東京から幼い純と蛍を連れて故郷・富良野に戻った黒板五郎が、電気も水道もない廃屋暮らしから開拓を始める姿を描いた国民的ドラマ。フジテレビ「金曜劇場」で1981年に連続ドラマ全24話が放送され、以降'83冬から2002遺言まで8作のスペシャル版が製作された。脚本・倉本聰、主演・田中邦衛。20年以上にわたり四季折々の富良野を舞台に、家族の別れと再生、子供たちの成長を見つめ続けた。配信はFODプレミアムが主要窓口。
「北の国から」の聖地は、富良野市麓郷エリアに集まる保存施設群を中心に、富良野市街・美瑛町まで含めて11か所が点在する。麓郷の3施設(石の家・麓郷の森・拾って来た家)は開館期間・入場料が設定された観光施設で、布部駅は2024年廃線後にファンの手で保存された駅舎という特殊な立ち位置にある。

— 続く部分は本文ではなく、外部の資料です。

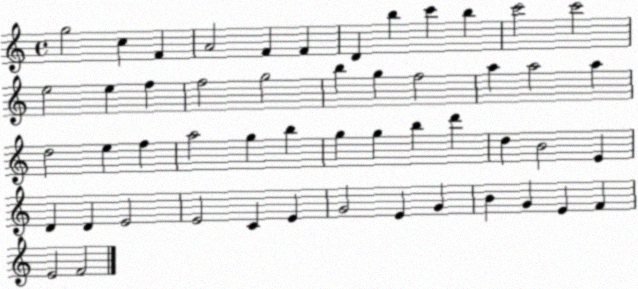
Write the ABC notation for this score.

X:1
T:Untitled
M:4/4
L:1/4
K:C
g2 c F A2 F F D b c' b c'2 c'2 e2 e f f2 g2 b g f2 a a2 a d2 e f a2 g b g g b d' d B2 E D D E2 E2 C E G2 E G B G E F E2 F2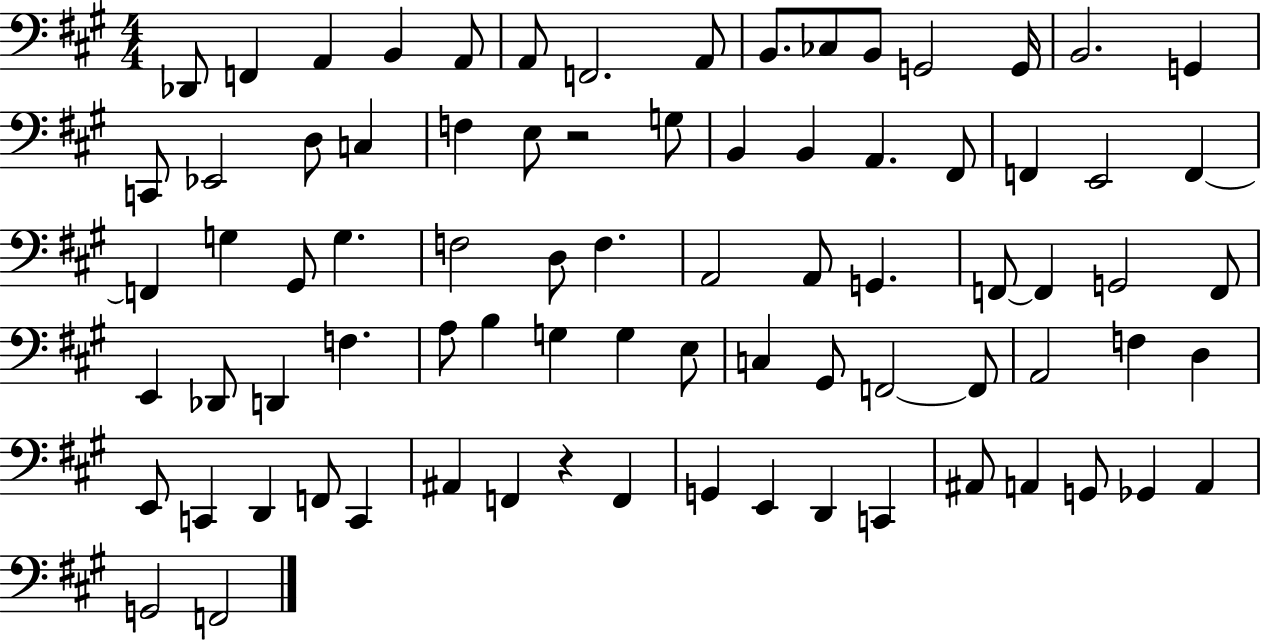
{
  \clef bass
  \numericTimeSignature
  \time 4/4
  \key a \major
  \repeat volta 2 { des,8 f,4 a,4 b,4 a,8 | a,8 f,2. a,8 | b,8. ces8 b,8 g,2 g,16 | b,2. g,4 | \break c,8 ees,2 d8 c4 | f4 e8 r2 g8 | b,4 b,4 a,4. fis,8 | f,4 e,2 f,4~~ | \break f,4 g4 gis,8 g4. | f2 d8 f4. | a,2 a,8 g,4. | f,8~~ f,4 g,2 f,8 | \break e,4 des,8 d,4 f4. | a8 b4 g4 g4 e8 | c4 gis,8 f,2~~ f,8 | a,2 f4 d4 | \break e,8 c,4 d,4 f,8 c,4 | ais,4 f,4 r4 f,4 | g,4 e,4 d,4 c,4 | ais,8 a,4 g,8 ges,4 a,4 | \break g,2 f,2 | } \bar "|."
}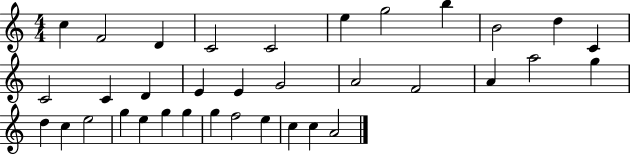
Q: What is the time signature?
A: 4/4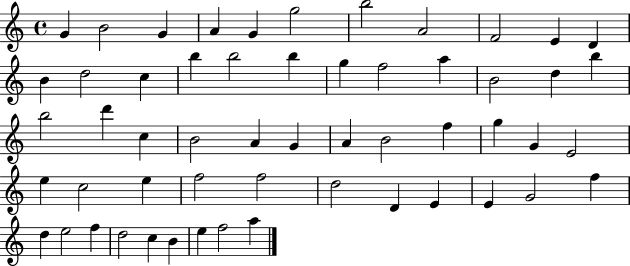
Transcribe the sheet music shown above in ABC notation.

X:1
T:Untitled
M:4/4
L:1/4
K:C
G B2 G A G g2 b2 A2 F2 E D B d2 c b b2 b g f2 a B2 d b b2 d' c B2 A G A B2 f g G E2 e c2 e f2 f2 d2 D E E G2 f d e2 f d2 c B e f2 a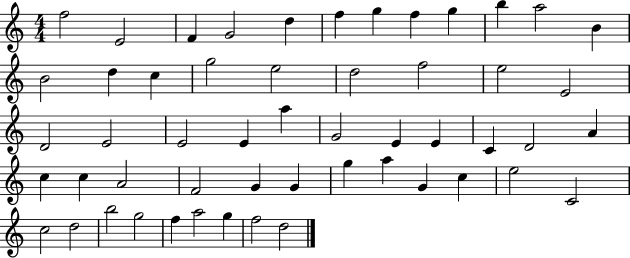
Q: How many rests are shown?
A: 0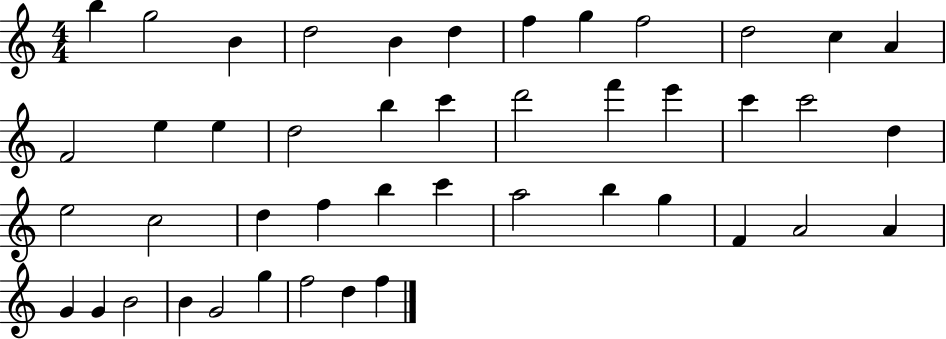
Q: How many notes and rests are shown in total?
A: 45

美瑛エリアは富良野とは別の町だが、JR富良野線でつながる隣町として、シリーズ後期のロケ地が点在する。
富良野市街から車で約30分の麓郷エリアには、五郎の石の家・最初の家、麓郷の森(丸太小屋・3番目の家)、拾って来た家という3つの保存施設が集まる。いずれも4月中旬から11月末までの開館で、冬季は積雪のため閉鎖される。入場料は各500円、3施設共通券なら1,200円で、麓郷木材工業(劇中の中畑木材工業のモデル)の外観も同エリアで見学できる。公共交通機関は麓郷線バスのみで本数が少なく、車での周遊が基本。
布部駅は連続ドラマ第1話の舞台だが、2024年の根室本線部分廃線により廃駅となり、現在はファンのクラウドファンディングで保存された駅舎がイベント時のみ公開されている(常時公開ではない)。富良野神社は'98時代の結婚式シーンの舞台で参拝は常時可能、ニングルテラスは雪子の「森のろうそく屋」の舞台で夜間の点灯時間帯が見どころ。八幡丘会館(旧分校)は外観のみ見学できる現役の地域公民館。

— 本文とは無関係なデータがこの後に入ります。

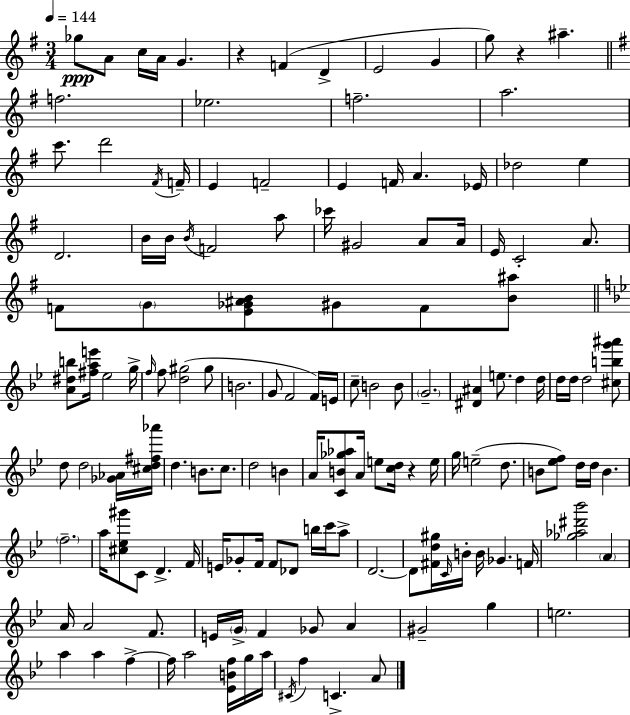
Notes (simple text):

Gb5/e A4/e C5/s A4/s G4/q. R/q F4/q D4/q E4/h G4/q G5/e R/q A#5/q. F5/h. Eb5/h. F5/h. A5/h. C6/e. D6/h F#4/s F4/s E4/q F4/h E4/q F4/s A4/q. Eb4/s Db5/h E5/q D4/h. B4/s B4/s B4/s F4/h A5/e CES6/s G#4/h A4/e A4/s E4/s C4/h A4/e. F4/e G4/e [E4,Gb4,A#4,B4]/e G#4/e F4/e [B4,A#5]/e [A4,D#5,B5]/e [F#5,A5,E6]/s Eb5/h G5/s F5/s F5/e [D5,G#5]/h G#5/e B4/h. G4/e F4/h F4/s E4/s C5/e B4/h B4/e G4/h. [D#4,A#4]/q E5/e. D5/q D5/s D5/s D5/s D5/h [C#5,B5,G6,A#6]/e D5/e D5/h [Gb4,Ab4]/s [C#5,D5,F#5,Ab6]/s D5/q. B4/e. C5/e. D5/h B4/q A4/s [C4,B4,Gb5,Ab5]/e A4/s E5/e [C5,D5]/s R/q E5/s G5/s E5/h D5/e. B4/e [Eb5,F5]/e D5/s D5/s B4/q. F5/h. A5/s [C#5,Eb5,G#6]/e C4/e D4/q. F4/s E4/s Gb4/e F4/s F4/e Db4/e B5/s C6/s A5/e D4/h. D4/e [F#4,D5,G#5]/s C4/s B4/s B4/s Gb4/q. F4/s [Gb5,Ab5,D#6,Bb6]/h A4/q A4/s A4/h F4/e. E4/s G4/s F4/q Gb4/e A4/q G#4/h G5/q E5/h. A5/q A5/q F5/q F5/s A5/h [Eb4,B4,F5]/s G5/s A5/s C#4/s F5/q C4/q. A4/e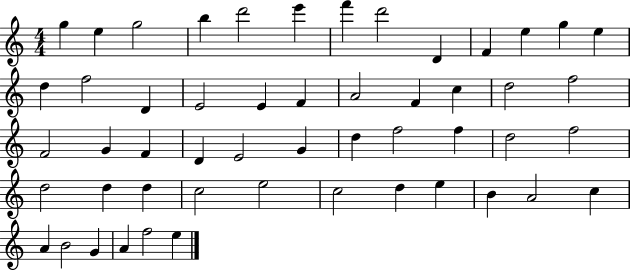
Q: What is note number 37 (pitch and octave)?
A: D5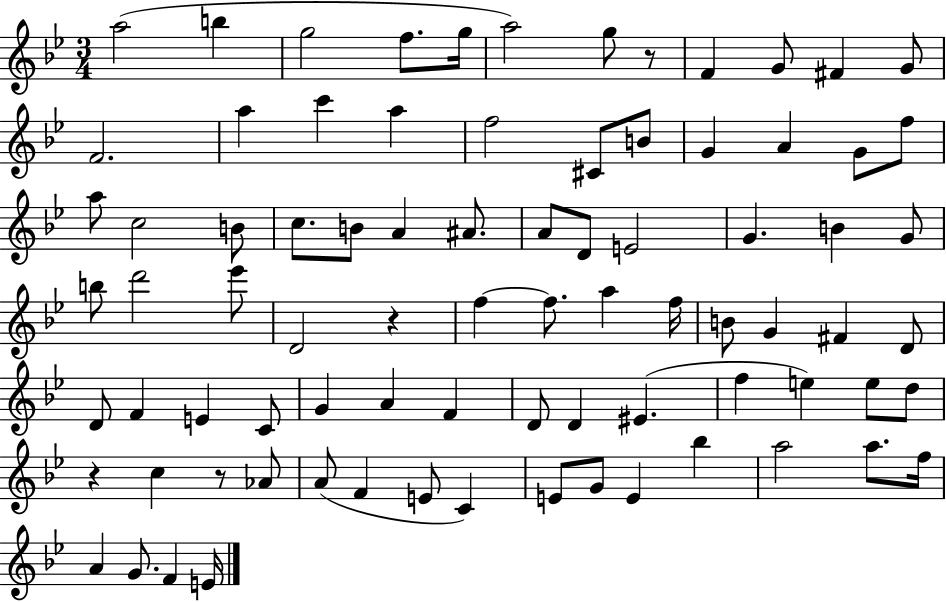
X:1
T:Untitled
M:3/4
L:1/4
K:Bb
a2 b g2 f/2 g/4 a2 g/2 z/2 F G/2 ^F G/2 F2 a c' a f2 ^C/2 B/2 G A G/2 f/2 a/2 c2 B/2 c/2 B/2 A ^A/2 A/2 D/2 E2 G B G/2 b/2 d'2 _e'/2 D2 z f f/2 a f/4 B/2 G ^F D/2 D/2 F E C/2 G A F D/2 D ^E f e e/2 d/2 z c z/2 _A/2 A/2 F E/2 C E/2 G/2 E _b a2 a/2 f/4 A G/2 F E/4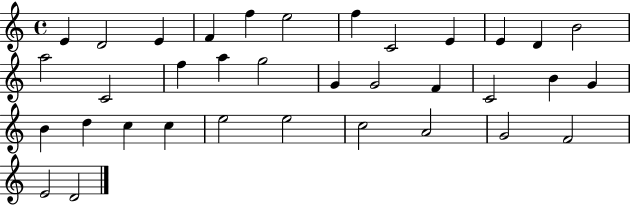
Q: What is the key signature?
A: C major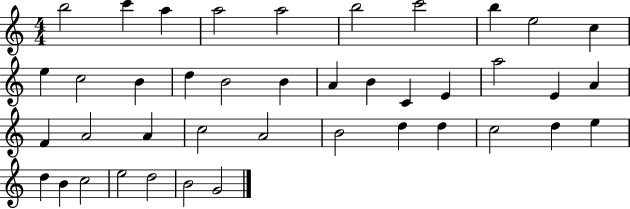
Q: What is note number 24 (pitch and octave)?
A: F4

美瑛駅・美馬牛駅は'89帰郷で蛍・勇次との別れが描かれた駅で、いずれもJR富良野線の小さな駅。セブンスターの木の坂道は美瑛の丘の景観名所で、ロケ地を示す標識はないため観光地としての訪問になる。富良野市街からは車で1時間前後かかり、美瑛の丘めぐりと合わせた1日の日程が現実的。

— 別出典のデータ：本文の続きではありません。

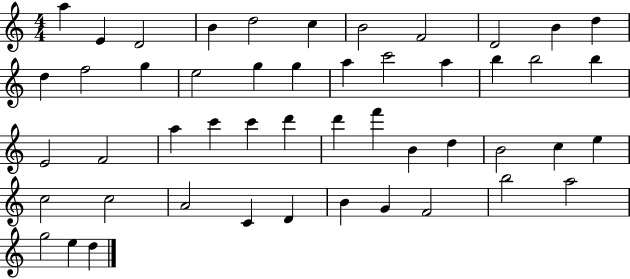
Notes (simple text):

A5/q E4/q D4/h B4/q D5/h C5/q B4/h F4/h D4/h B4/q D5/q D5/q F5/h G5/q E5/h G5/q G5/q A5/q C6/h A5/q B5/q B5/h B5/q E4/h F4/h A5/q C6/q C6/q D6/q D6/q F6/q B4/q D5/q B4/h C5/q E5/q C5/h C5/h A4/h C4/q D4/q B4/q G4/q F4/h B5/h A5/h G5/h E5/q D5/q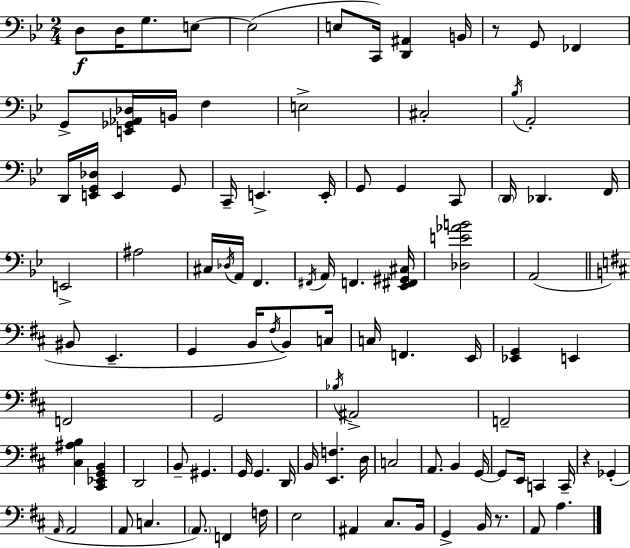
D3/e D3/s G3/e. E3/e E3/h E3/e C2/s [D2,A#2]/q B2/s R/e G2/e FES2/q G2/e [E2,Gb2,Ab2,Db3]/s B2/s F3/q E3/h C#3/h Bb3/s A2/h D2/s [E2,G2,Db3]/s E2/q G2/e C2/s E2/q. E2/s G2/e G2/q C2/e D2/s Db2/q. F2/s E2/h A#3/h C#3/s Db3/s A2/s F2/q. F#2/s A2/s F2/q. [Eb2,F#2,G#2,C#3]/s [Db3,E4,Ab4,B4]/h A2/h BIS2/e E2/q. G2/q B2/s F#3/s B2/e C3/s C3/s F2/q. E2/s [Eb2,G2]/q E2/q F2/h G2/h Bb3/s A#2/h F2/h [C#3,A#3,B3]/q [C#2,Eb2,G2,B2]/q D2/h B2/e G#2/q. G2/s G2/q. D2/s B2/s [E2,F3]/q. D3/s C3/h A2/e. B2/q G2/s G2/e E2/s C2/q C2/s R/q Gb2/q A2/s A2/h A2/e C3/q. A2/e. F2/q F3/s E3/h A#2/q C#3/e. B2/s G2/q B2/s R/e. A2/e A3/q.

北海道内でも公共交通機関の便が限られるエリアが多く、麓郷エリアの保存施設群・美瑛の丘スポットはいずれも車でのアクセスが基本。富良野市街エリアの駅・神社・テラスは富良野駅から徒歩や短時間の移動で回れるが、麓郷・美瑛への移動を含めると1日以上の日程を組むのが現実的。
麓郷の保存3施設は冬季(12月〜4月中旬)閉鎖のため、訪問は4月中旬〜11月末に限られる。美瑛の丘は初夏から初秋にかけての緑・花の時期が最も景観が映える。